En su resolución, la jueza Marta Elba Pascual considera que las condiciones de encierro no son ajenas a la seguridad pública: si los adolescentes son alojados en establecimientos saturados, con aislamiento, violencia, deficiencias educativas y escasas herramientas para su reinserción, el sistema puede terminar profundizando las condiciones que favorecen nuevas situaciones de violencia y reincidencia.

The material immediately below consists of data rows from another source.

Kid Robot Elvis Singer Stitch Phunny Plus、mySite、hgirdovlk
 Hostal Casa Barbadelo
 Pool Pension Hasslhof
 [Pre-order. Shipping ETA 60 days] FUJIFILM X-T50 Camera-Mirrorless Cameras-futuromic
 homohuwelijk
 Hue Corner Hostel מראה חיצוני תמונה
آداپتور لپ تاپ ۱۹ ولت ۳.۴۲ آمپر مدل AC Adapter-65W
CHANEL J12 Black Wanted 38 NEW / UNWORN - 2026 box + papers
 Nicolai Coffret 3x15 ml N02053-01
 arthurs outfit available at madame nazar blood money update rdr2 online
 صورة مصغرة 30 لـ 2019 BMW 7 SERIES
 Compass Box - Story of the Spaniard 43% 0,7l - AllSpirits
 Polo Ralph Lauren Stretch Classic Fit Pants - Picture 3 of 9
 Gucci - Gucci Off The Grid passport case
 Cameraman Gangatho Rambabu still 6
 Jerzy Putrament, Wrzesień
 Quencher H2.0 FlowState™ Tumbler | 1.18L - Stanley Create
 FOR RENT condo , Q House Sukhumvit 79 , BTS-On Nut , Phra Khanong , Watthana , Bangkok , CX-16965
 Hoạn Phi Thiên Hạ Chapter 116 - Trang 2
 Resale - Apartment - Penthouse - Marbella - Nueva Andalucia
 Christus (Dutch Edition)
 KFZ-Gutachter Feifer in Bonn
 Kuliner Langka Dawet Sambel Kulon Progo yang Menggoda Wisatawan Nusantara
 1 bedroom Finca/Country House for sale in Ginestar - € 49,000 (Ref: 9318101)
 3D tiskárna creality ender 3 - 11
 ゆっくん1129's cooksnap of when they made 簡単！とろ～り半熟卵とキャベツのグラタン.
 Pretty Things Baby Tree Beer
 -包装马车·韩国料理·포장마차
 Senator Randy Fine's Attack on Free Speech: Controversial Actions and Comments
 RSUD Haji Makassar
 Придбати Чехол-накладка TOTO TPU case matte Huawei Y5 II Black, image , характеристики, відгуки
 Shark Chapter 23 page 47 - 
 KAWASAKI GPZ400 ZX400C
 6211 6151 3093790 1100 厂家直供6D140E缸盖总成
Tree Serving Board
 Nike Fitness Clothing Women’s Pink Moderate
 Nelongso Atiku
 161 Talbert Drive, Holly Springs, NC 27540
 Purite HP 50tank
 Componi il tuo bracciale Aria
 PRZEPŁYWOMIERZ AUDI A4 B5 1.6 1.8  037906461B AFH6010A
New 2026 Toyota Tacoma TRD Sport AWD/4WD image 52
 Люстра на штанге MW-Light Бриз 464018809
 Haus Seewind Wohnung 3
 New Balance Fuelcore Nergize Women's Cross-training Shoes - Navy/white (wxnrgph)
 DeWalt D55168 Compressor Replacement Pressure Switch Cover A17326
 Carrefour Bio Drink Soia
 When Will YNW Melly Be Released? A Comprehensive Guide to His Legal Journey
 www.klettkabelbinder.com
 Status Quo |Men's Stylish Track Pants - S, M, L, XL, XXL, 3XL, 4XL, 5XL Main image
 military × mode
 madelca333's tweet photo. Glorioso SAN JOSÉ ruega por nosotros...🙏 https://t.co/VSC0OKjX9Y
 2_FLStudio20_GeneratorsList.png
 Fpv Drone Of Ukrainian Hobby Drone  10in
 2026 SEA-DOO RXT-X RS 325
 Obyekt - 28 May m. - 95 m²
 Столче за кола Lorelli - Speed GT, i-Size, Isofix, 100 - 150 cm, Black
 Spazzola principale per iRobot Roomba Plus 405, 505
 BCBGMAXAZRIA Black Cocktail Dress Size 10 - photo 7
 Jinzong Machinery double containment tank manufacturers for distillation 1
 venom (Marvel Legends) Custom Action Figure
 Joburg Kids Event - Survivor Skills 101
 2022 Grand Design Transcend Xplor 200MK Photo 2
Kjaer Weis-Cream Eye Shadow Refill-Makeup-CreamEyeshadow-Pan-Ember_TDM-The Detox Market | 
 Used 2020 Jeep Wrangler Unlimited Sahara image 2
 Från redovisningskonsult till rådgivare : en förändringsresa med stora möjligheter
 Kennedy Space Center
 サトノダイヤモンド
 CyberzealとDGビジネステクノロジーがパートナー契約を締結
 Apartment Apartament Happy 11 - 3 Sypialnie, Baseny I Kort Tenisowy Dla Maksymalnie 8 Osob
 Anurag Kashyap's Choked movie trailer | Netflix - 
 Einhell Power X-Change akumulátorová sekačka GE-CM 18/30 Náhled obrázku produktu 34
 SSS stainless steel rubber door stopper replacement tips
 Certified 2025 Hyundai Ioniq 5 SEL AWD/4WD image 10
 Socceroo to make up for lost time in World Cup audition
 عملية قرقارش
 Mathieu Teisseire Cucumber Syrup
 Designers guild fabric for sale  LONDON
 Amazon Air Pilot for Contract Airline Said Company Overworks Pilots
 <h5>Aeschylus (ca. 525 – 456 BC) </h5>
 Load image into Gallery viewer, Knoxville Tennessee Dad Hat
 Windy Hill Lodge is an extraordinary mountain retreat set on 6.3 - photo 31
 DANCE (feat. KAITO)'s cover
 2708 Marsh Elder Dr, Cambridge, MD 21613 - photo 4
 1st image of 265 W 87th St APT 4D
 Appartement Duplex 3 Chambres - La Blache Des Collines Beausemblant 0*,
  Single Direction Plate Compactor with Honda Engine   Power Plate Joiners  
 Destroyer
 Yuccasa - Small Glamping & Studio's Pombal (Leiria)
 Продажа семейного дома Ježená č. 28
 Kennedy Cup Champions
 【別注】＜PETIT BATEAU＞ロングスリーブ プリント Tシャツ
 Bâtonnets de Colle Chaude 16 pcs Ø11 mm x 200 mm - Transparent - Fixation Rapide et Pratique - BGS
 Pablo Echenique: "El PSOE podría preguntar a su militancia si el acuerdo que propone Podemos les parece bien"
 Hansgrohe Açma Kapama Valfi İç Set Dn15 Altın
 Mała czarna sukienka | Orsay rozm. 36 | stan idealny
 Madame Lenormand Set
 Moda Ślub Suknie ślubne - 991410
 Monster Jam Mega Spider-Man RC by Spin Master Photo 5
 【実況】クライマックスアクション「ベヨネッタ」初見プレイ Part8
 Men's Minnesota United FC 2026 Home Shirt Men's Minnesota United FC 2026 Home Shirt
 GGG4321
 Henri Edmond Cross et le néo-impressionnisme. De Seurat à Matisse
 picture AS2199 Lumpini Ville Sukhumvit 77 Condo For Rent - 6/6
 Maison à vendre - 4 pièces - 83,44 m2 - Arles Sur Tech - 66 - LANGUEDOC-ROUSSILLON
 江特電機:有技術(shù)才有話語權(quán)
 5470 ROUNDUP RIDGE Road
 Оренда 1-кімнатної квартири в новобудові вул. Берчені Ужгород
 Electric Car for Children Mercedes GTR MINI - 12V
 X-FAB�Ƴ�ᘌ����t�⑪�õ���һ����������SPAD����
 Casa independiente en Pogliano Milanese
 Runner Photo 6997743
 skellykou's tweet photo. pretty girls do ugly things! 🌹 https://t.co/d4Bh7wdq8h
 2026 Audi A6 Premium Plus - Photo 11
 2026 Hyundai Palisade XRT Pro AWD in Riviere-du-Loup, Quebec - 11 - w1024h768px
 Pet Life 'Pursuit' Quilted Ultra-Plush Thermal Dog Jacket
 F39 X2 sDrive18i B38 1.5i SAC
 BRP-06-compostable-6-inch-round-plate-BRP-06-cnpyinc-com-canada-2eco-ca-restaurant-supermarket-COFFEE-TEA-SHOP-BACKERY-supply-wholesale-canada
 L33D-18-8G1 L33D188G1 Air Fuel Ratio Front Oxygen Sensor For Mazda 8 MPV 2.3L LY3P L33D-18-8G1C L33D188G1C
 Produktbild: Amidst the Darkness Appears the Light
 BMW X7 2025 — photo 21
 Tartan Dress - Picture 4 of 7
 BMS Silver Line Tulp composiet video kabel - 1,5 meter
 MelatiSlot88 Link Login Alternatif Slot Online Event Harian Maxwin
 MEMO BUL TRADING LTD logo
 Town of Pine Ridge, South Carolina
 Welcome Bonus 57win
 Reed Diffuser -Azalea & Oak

La advertencia aparece expresada de manera abierta en el fallo: “Hacinar ‘menores’, tarde o temprano incrementa los niveles de inseguridad y violencia”. Para la magistrada, el objetivo no puede ser solamente que los jóvenes cumplan una condena, sino que durante ese proceso existan condiciones capaces de evitar que egresen con mayores niveles de violencia que los que tenían al ingresar.
El problema, por lo tanto, tiene dos dimensiones inseparables: garantizar condiciones mínimas de alojamiento a quienes están privados de libertad y evitar que el propio sistema de encierro termine alimentando la reincidencia y la violencia. Esa es una de las razones por las que la discusión sobre la capacidad del sistema penal juvenil también es una discusión sobre seguridad.
Por lo tanto, la discusión que se abre no es solamente cuántos adolescentes quedarán alcanzados por el nuevo régimen. Es también qué sistema los recibirá.
La suspensión dispuesta es preventiva y tiene una duración de 60 días. Durante ese período, la jueza convocó a las autoridades provinciales a una audiencia para que informen qué medidas adoptaron para implementar la ley, cuáles tienen previstas y cuáles son sus plazos. Mientras tanto la oposición busca el juicio político contra la magistrada.